# DATA
###

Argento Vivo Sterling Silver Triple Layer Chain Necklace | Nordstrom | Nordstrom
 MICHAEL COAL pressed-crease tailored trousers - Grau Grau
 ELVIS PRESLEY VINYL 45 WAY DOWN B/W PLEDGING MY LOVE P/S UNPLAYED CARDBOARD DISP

###

Repeat the data verbatim, line after line, leaving nothing out.

Argento Vivo Sterling Silver Triple Layer Chain Necklace | Nordstrom | Nordstrom
 MICHAEL COAL pressed-crease tailored trousers - Grau Grau
 ELVIS PRESLEY VINYL 45 WAY DOWN B/W PLEDGING MY LOVE P/S UNPLAYED CARDBOARD DISP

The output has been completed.